Lately, it seems like more and more bands are breaking free of their generi-core molds to do something off-the-cuff and rather unexpected (Stray from the Path’s Anonymous, for example). In the continuous aggression of Strangers Only, you get doused in mostly jagged guitar flame (“Hot Soap”, “Keep Alone”) courtesy of Matt Gallucci and Derek Blevins, who shine more on this record than any other previous MTH effort. But in no regard does Marshal Giumenti’s drumming take a back seat; it’s pissed off and it works (“Painfully Bored”). Now to say that this record has something different in every song is an obvious stretch, but it was intentional. Their goal wasn’t to reinvent a genre or reinvent an idea, but rather to reinvent themselves and exactly what weight the Rise Records badge carries to them.

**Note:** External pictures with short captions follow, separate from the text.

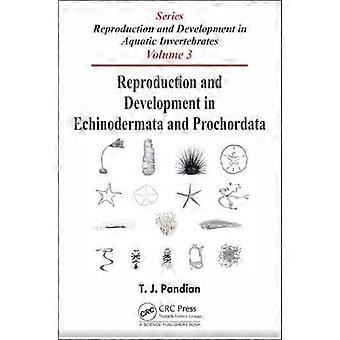 Reproduction and Development in Echinodermata and Prochordata
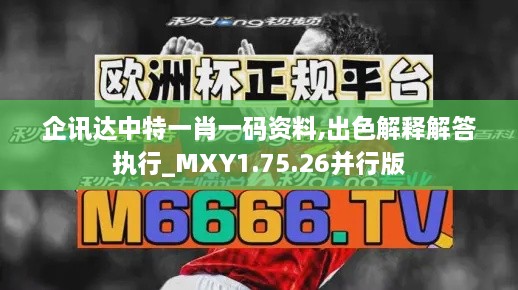 企讯达中特一肖一码资料,出色解释解答执行_MXY1.75.26并行版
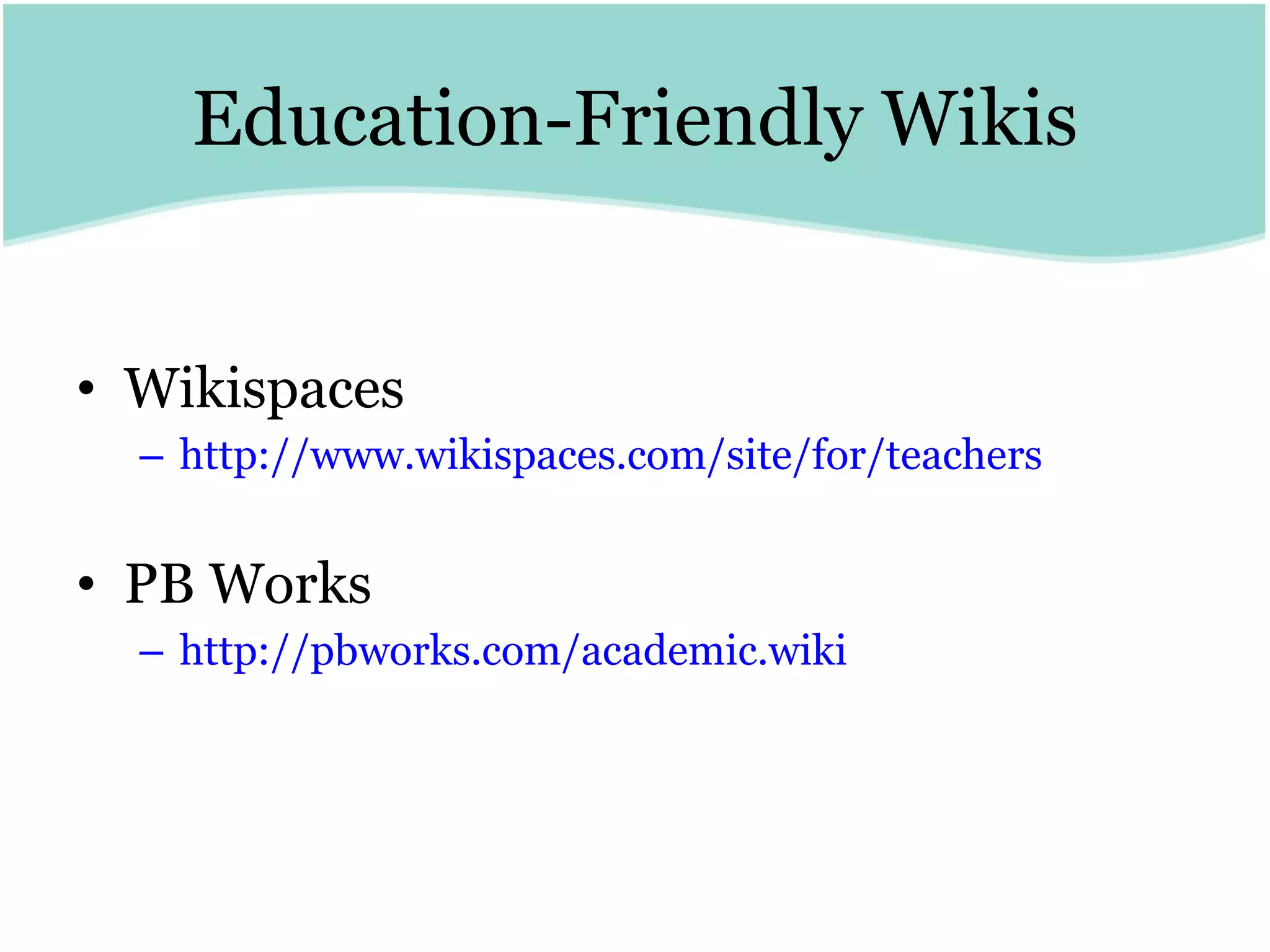 Education-Friendly Wikis Wikispaces http:// www.wikispaces.com /site/for/teachers   PB Works http://pbworks.com/academic.wiki 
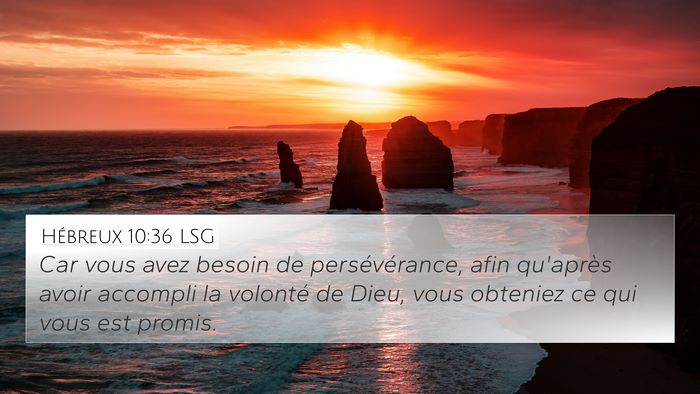 Hébreux 10:36 LSG Bible Verse Image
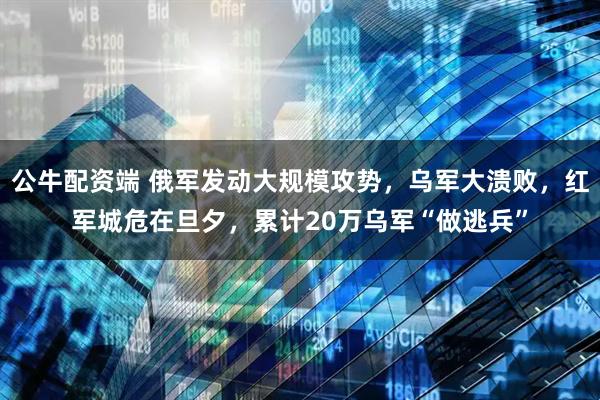 公牛配资端 俄军发动大规模攻势，乌军大溃败，红军城危在旦夕，累计20万乌军“做逃兵”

It’s not all beatdowns however; there are brief respites that tell us that the melodic sides of these gentlemen are still around, such as in “Head Change”, where drawn out sections of grooves and texturized vocals reach a bit further inward before taking charge on an explicitly loud chorus. It’s still heavy, but comparatively much less so. Speaking of the clean vocals, they’re a bit processed for my taste in some parts, but many of the rougher sections stick, and in that gritty undertone the forceful-ness of the lyrics comes to the front. By the end there’s a sense of fulfillment, something well-constructed and not confusing, making its way out without a multitude of twists for the sake of remaining presumably interesting.
There’s a consistent ebb and flow overall with the record, and in a neat little metal package as well. My Ticket Home, in all-inconclusive irony, have found their ticket home – in the form of a genre change that with continued refinement and diligence, will allow them to break out of the mold they’ve been buried in for far too long. Strangers only? Not anymore.